8. Pickled gherkins and pickled onions. They might be made from vegetables, but these don't count because they almost always have sugar and/or salt added. There can be big differences between products and brands, so if you're buying pickles, check the label and choose the one with the lowest salt and sugar.

Are pickled onions a superfood? ›

Pickled red onions for a digestive boost. Fermented vegetables such as sauerkraut or pickled red onions contain high amounts of good probiotics and digestive enzymes. Maintaining a healthy gut flora can aid your digestion and overall energy levels.

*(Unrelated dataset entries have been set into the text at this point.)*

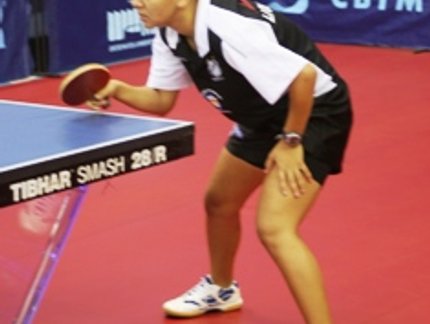 LIGIA SILVA FIGHTS, BUT LOSES HER OPENING MATCH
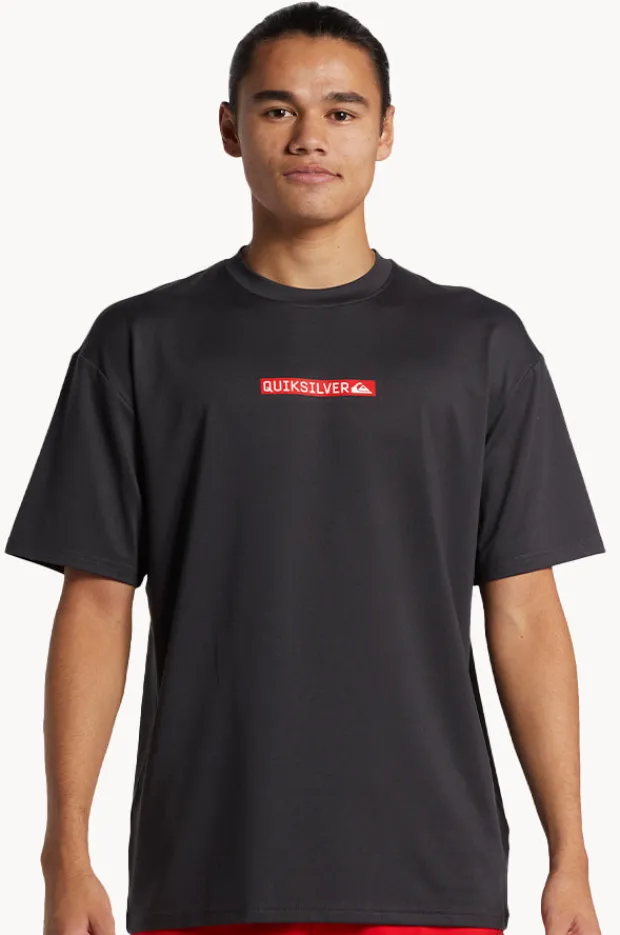 Rashies|Quiksilver Mens DNA Clicker Logo Short Sleeve Suntop Tarmac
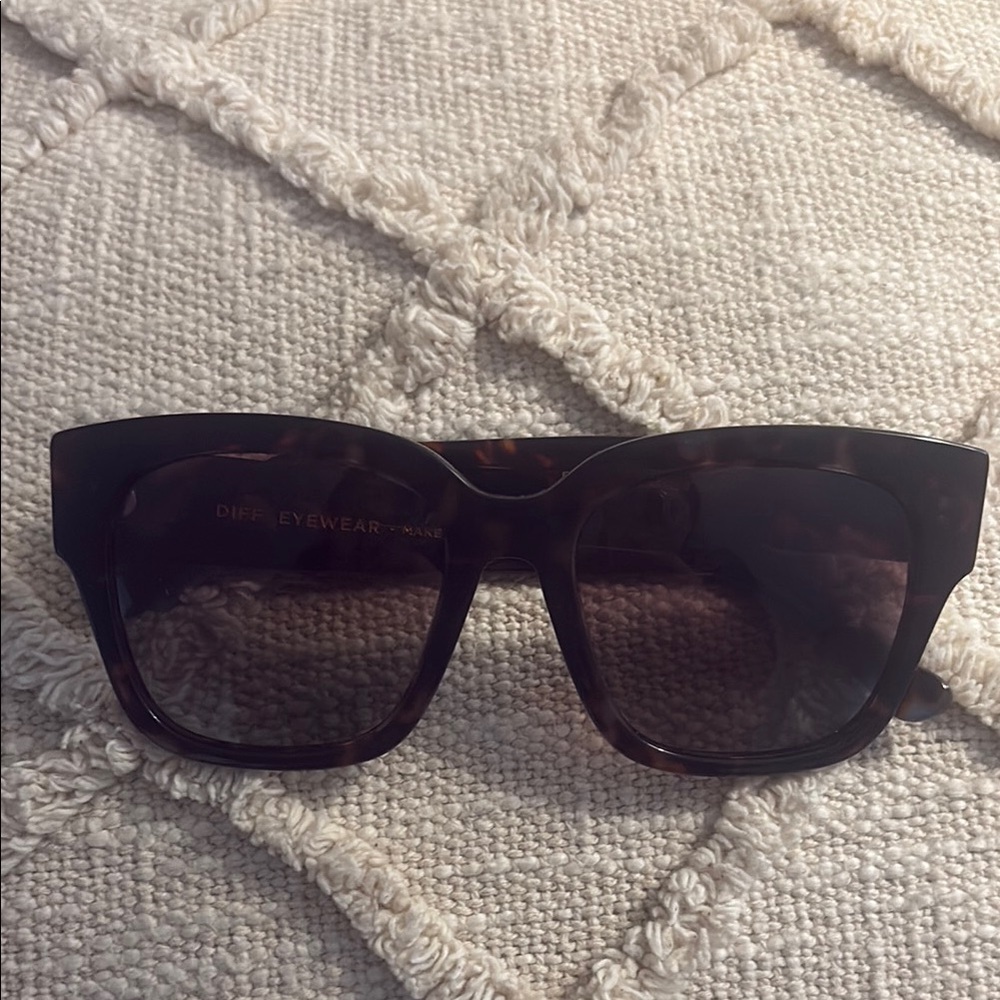 Diff Bella 2 Brown Tortoise Sunglasses - image 1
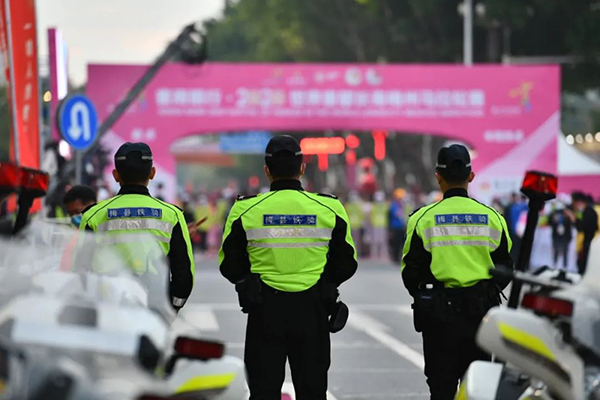 最早“开跑”,最晚收兵,他们没有比赛成绩,却成为美丽“警”色(图6) 最早“开跑”,最晚收兵,他们没有比赛成绩,却成为美丽“警”色(图6)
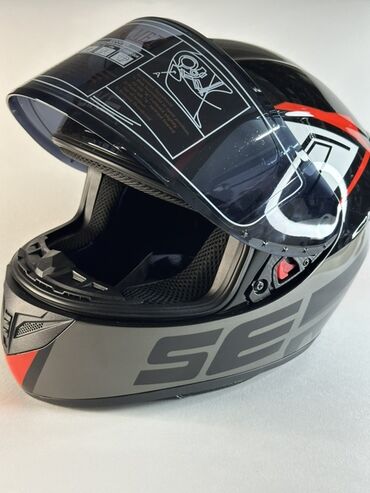 мото каска: Мотошлем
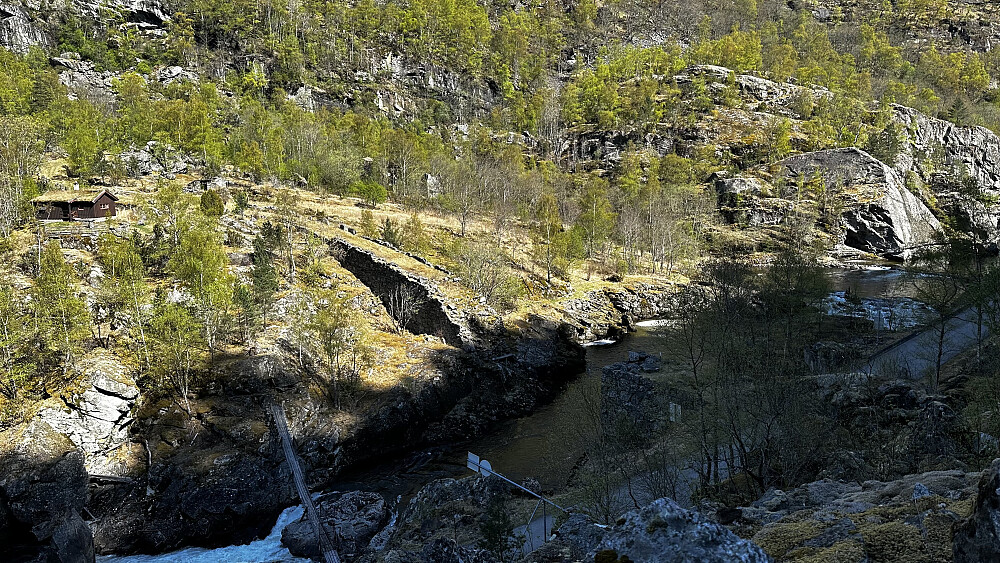 Flott å sjå minna ifrå handtverk i muring av dei gamle bruene!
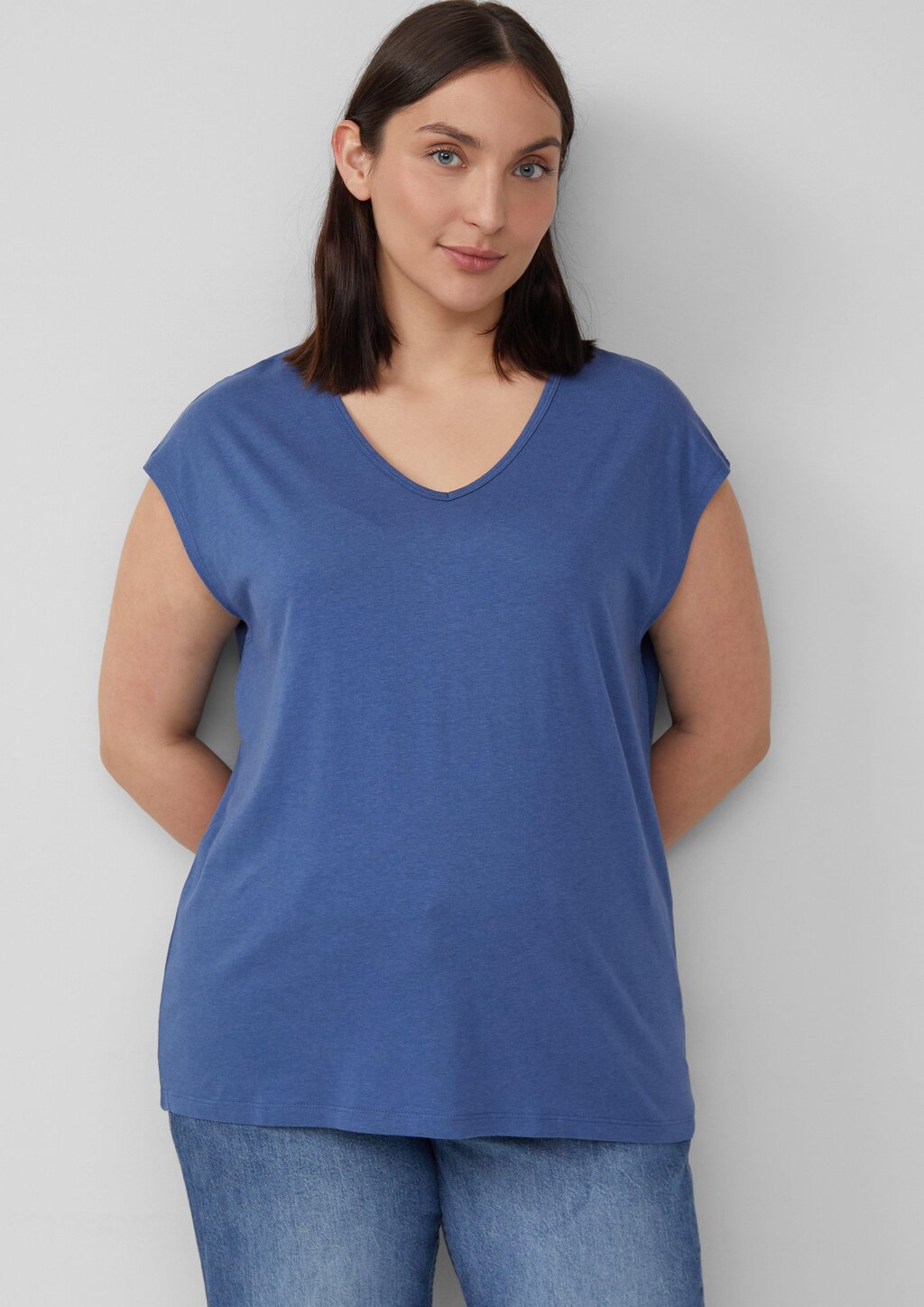 T-Shirt mit V-Ausschnitt im Relaxed Fit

Why do people soak red onions? ›

Soak them for at least 15 minutes (longer is even more beneficial), properly drain, and eat away! Submerging them in cold water takes away that intense, sharp bite from the raw onion. The cold water helps the enzyme that causes onions to have their pungent flavor to leach out.

Do pickled red onions make your breath smell? ›

Some compounds in onions, garlic, or both, can be responsible for bad breath and even body odor. These include: Allicin.

Do pickled red onions go bad? ›

Whether you've got way too many onions or just really enjoy the pickled variety, you might be wondering how long they will stay good for. After all, food safety is paramount when it comes to home-canned goods. When done properly, your unopened home-canned pickled onions are shelf-stable for one year.